▸ **Exercise aim**: Repeat the listing below in full and exactly. Pictures are to be omitted.

::: Data below :::

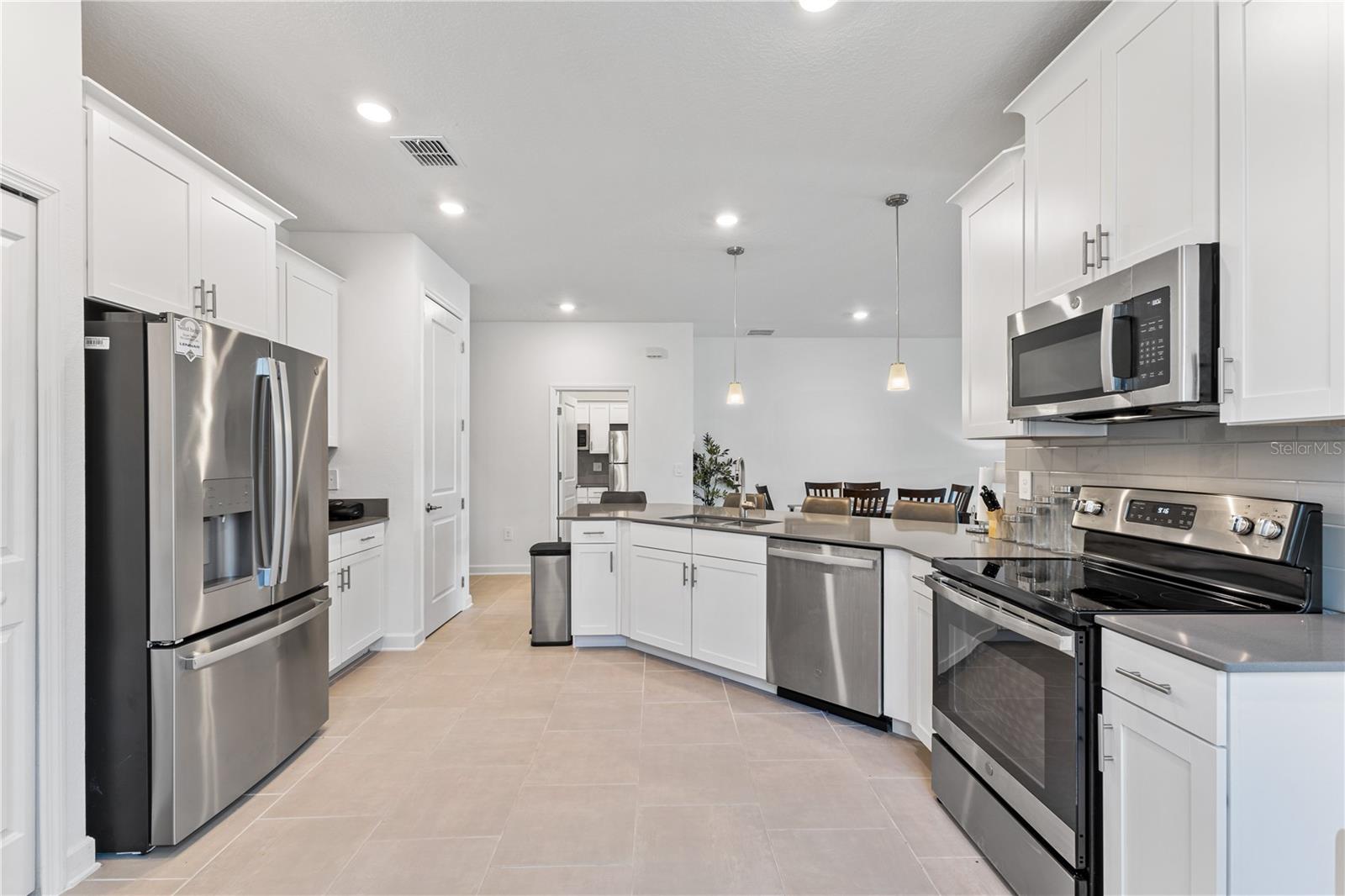 Image 8 of 33 For 3123 Camden Way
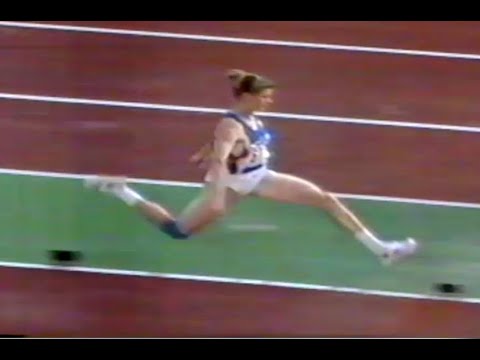 Anna Biryukova (Russia) world record 15.09m in the womens triple jump 1993 World Champs Stuttgart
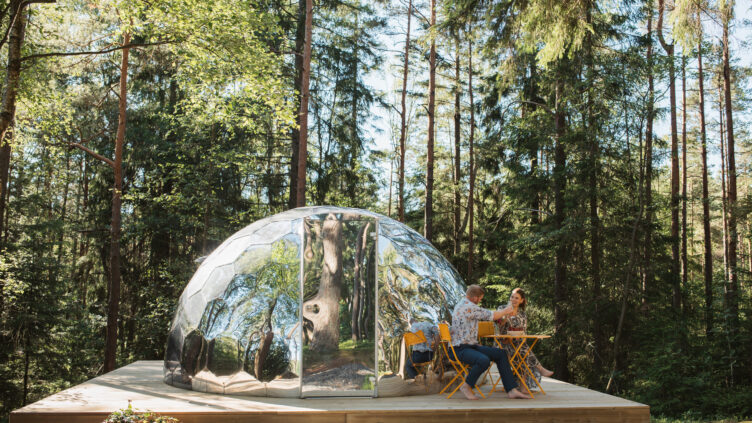Glamping dome på Gråbogården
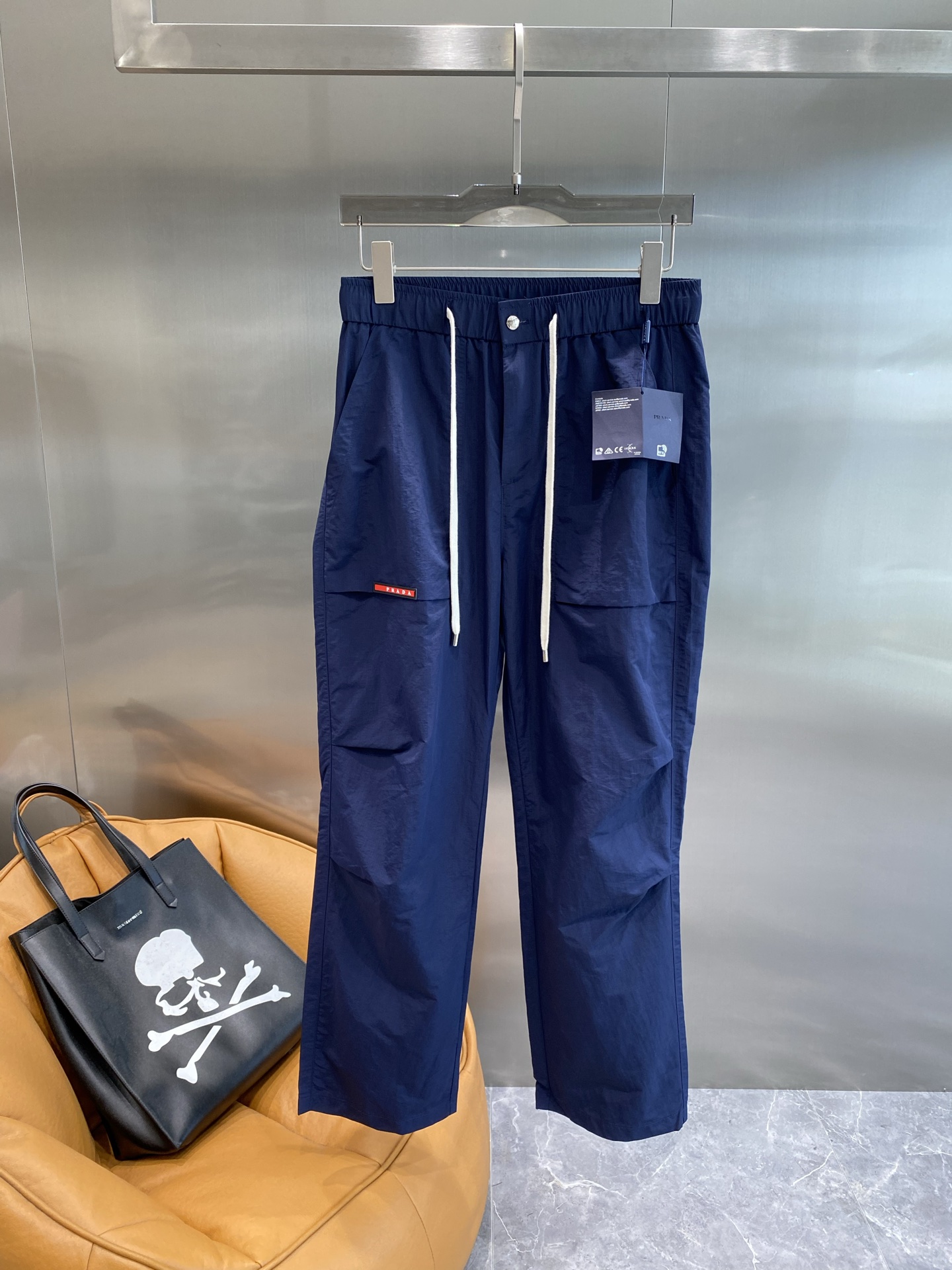 NO:873112,'Pujia' Prada overalls are navy blue and super elegant, classic and versatile. The elastic waist is matched with a white drawstring, which is comfortable and stylish. The small red logos on the pockets on both sides are full of details, individual and eye-catching. The pants have a neat shape, and the straight design does not pick on the leg shape. M-4XL,, prada, prada,19860909《普家》 普拉达工装裤藏蓝色超显气质,经典又百搭.松紧腰搭配白色抽绳,舒适又有设计感 .两侧口袋上的红色小标识,细节满满,个性又吸睛.裤子版型利落,直筒设计不挑腿型.M-4XL,,prada,prada,,Men's clothing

:::

▸ **Exercise solution**:
 Image 8 of 33 For 3123 Camden Way
 Anna Biryukova (Russia) world record 15.09m in the womens triple jump 1993 World Champs Stuttgart
Glamping dome på Gråbogården
 NO:873112,'Pujia' Prada overalls are navy blue and super elegant, classic and versatile. The elastic waist is matched with a white drawstring, which is comfortable and stylish. The small red logos on the pockets on both sides are full of details, individual and eye-catching. The pants have a neat shape, and the straight design does not pick on the leg shape. M-4XL,, prada, prada,19860909《普家》 普拉达工装裤藏蓝色超显气质,经典又百搭.松紧腰搭配白色抽绳,舒适又有设计感 .两侧口袋上的红色小标识,细节满满,个性又吸睛.裤子版型利落,直筒设计不挑腿型.M-4XL,,prada,prada,,Men's clothing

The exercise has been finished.